Generally, there is a need to detect when one or more of a set of signals from sensors monitoring a system, whether a machine, process or living system, deviates from “normal.” Normal can be an acceptable functioning state, or it can be the most preferred of a set of various acceptable states. The deviation can be due to a faulty sensor, or to a change in the underlying system parameter measured by the sensor, that is, a process upset.
While threshold-type sensor alarms have traditionally been used to detect when parameters indicate that a component has strayed away from normal, acceptable or safe operating conditions, many deviations in sensor or underlying parameter values go unnoticed because threshold detection can only detect gross changes. Often such detection may not occur early enough to avoid a catastrophic failure.

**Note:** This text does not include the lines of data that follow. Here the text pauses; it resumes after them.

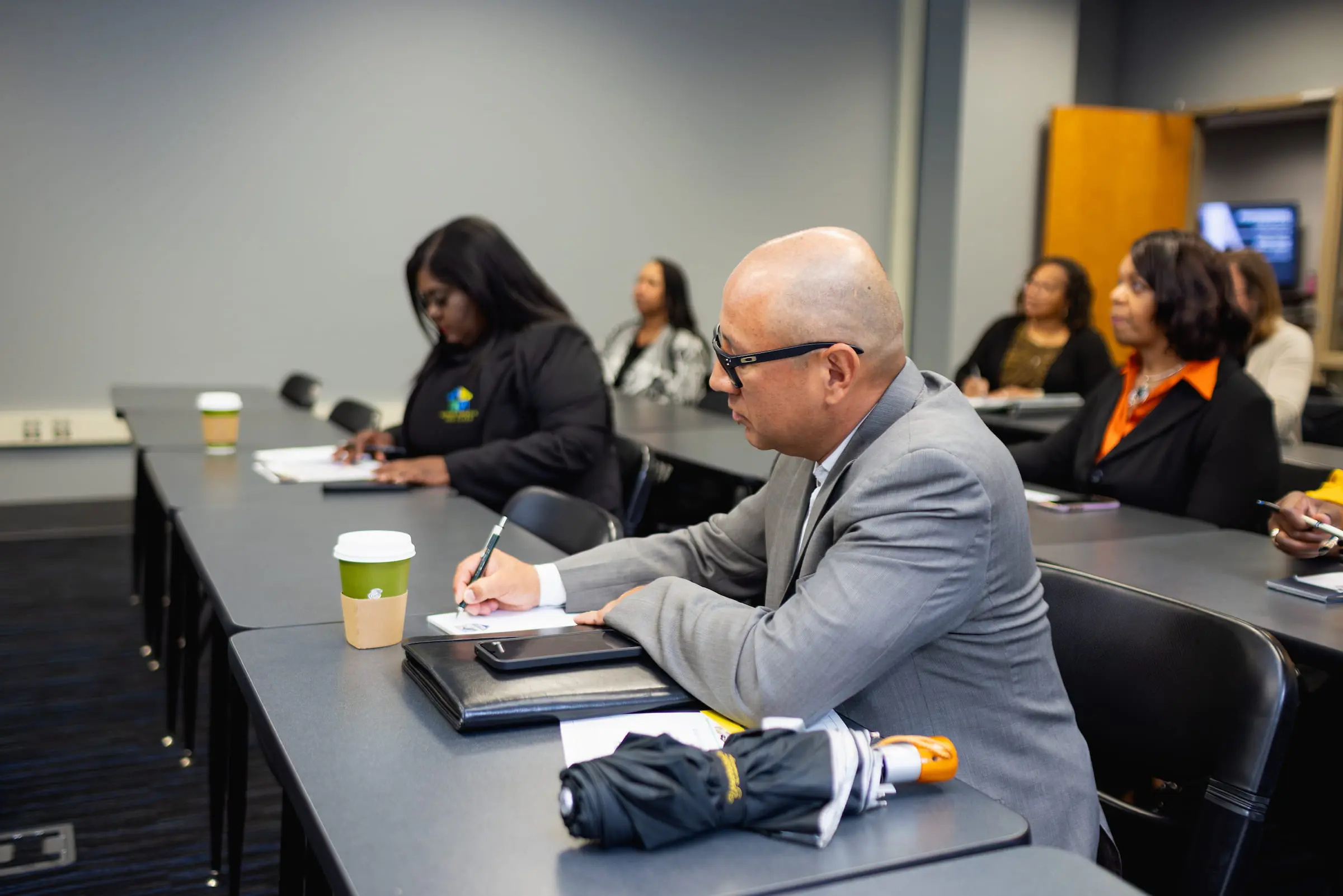 Participants taking notes during a caseworker training session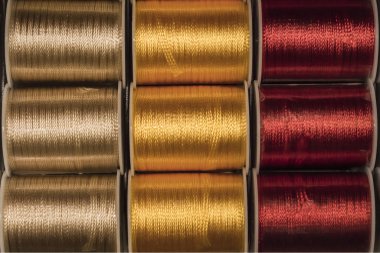 Kesme doku portre renkli dikiş konu altın, sarı ve kırmızı bobinler üzerinde.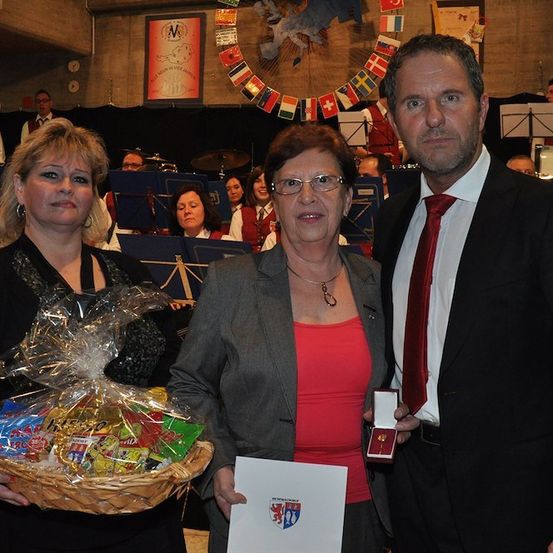 Drei Menschen stehen zusammen in einem Raum mit einer Bühne im Hintergrund. Die Frau auf der linken Seite hält einen Korb mit Snacks, die Frau in der Mitte hält ein Papier und der Mann auf der rechten Seite hält eine Schachtel. Hinter ihnen steht eine Bühne mit einer Band und einer Flaggendekoration.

In particular, there is a critical need to detect when a component, as indicated by a signal or underlying parameter value, is deviating from an expected value, given its relationship to other system components, i.e., in the monitored machine, process or living system. This detection should occur even though the corresponding signal in question is still well within its accepted gross threshold limits.
A number of methods exist that try to use the relationships between sensors, signals, data or the underlying parameters that correspond thereto, to detect notable component changes that otherwise would be missed by “thresholding.” Such methods are often data-intensive and computationally demanding. There is a need for accurate empirical modeling techniques that provide computationally efficient and accurate system state monitoring.